This paper uses the concept of micropolitics to draw attention to a category of procedural failures in environmental adaptation that are not policy failures per se, but failures in the implementation of these policies, particularly when deployed in cross-cultural or colonial settings. These failures often arise in mundane issues that are missed in the high-level design of the policies in question. They are adjacent to, but separate from, issues of policy, goodwill, resource scarcity, or technical possibility. Micropolitics are not micro because they are small or unimportant, but rather because they are fine-grained and easily overlooked. Resolving micropolitical issues requires improved attention to the lived experiences of threatened communities and the dynamics that govern their interactions with settler governments.

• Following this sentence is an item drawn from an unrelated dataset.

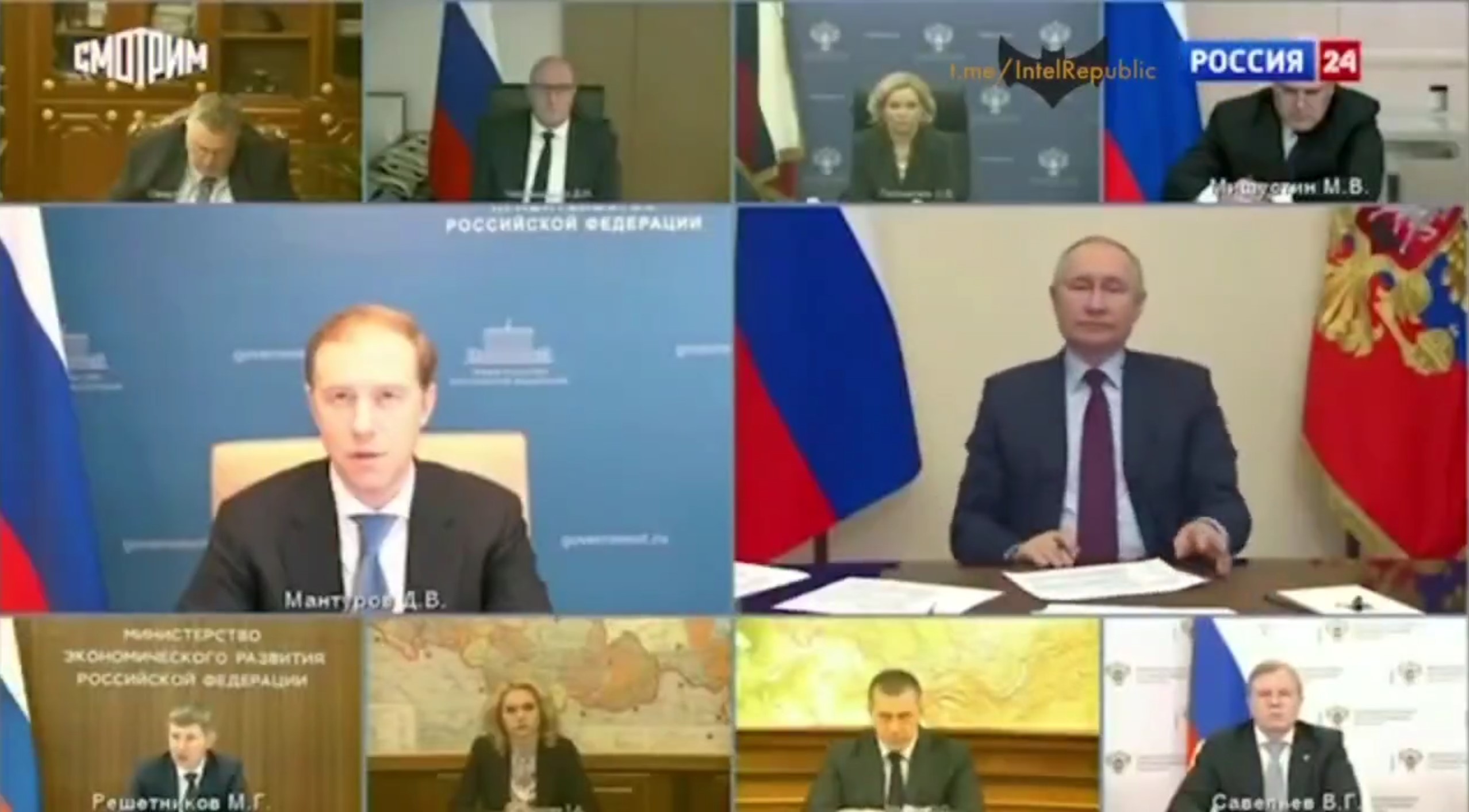 Denis Manturov i Vladimir Putin Foto: Printscreen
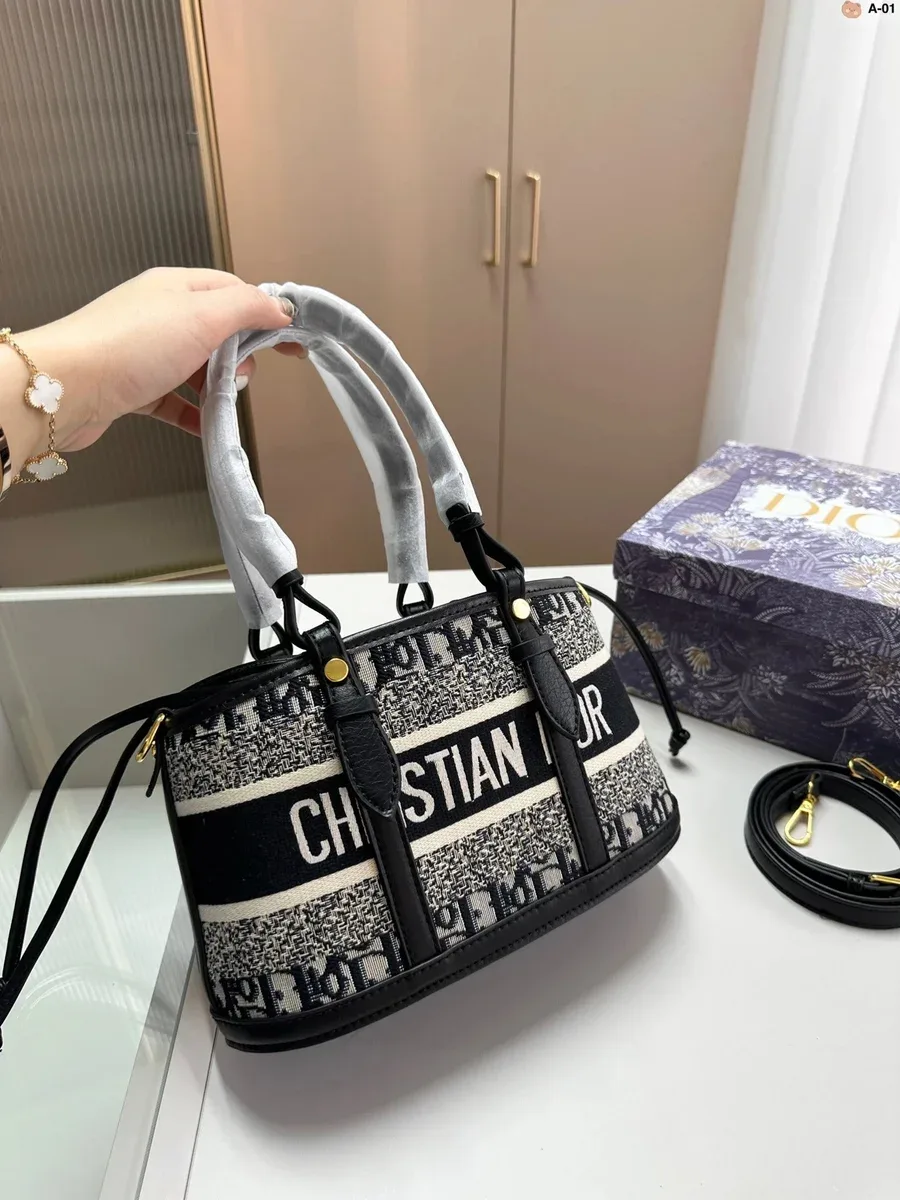 Dior Dior Lady Dior Black & White Tote Bag Black - 1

In the specific context of environmental adaptation, micropolitical issues include (but are hardly limited to) substandard communication between communities and governments (Marino 2015); failure to incorporate systems of traditional knowledge and governance into adaptation plans (Raymond-Yakoubian et al. 2017); setting unrealistic expectations for small communities’ technical capacity (Minnes and Vodden 2017); failure to build trust (Whyte 2020); and simple ignorance of historical contexts that necessitate an intersectional approach to adaptation planning (Marino 2012; Marter-Kenyon 2020; Whyte 2018).

This article explores the micropolitics of climate adaptation with a focus on the Siberian Yupik and Iñupiaq villages of Western Alaska.Footnote 1It begins with a background on environmental adaptation challenges faced by Tribal governments. This is followed by an overview of micropolitics, noting how they appear in the process of environmental adaptation. A case study then investigates Tribal-federal cooperation in response to Typhoon Merbok, a record-breaking storm in September 2022 that caused major damage to dozens of Western Alaska Native communities. We conclude with a set of recommendations for specific micropolitical issues in environmental adaptation. These recommendations will have varying degrees of transferability to other geographic and political contexts.

2 Background

2.1 Environmental adaptation in Rural Alaska

There are 229 federally recognized Tribes in Alaska, each of which has a nation-to-nation relationship with the United States (Case and Voluck 2002; US Government Accountability Office 2022). Most of these Tribes are associated with a single Alaska Native village, small communities with fewer than 1,000 residents. These communities are distributed across the state, itself an area three times the size of France. Most villages are not connected to the North American road system and are accessed instead by a combination of small airplanes, snowmobiles, and boats.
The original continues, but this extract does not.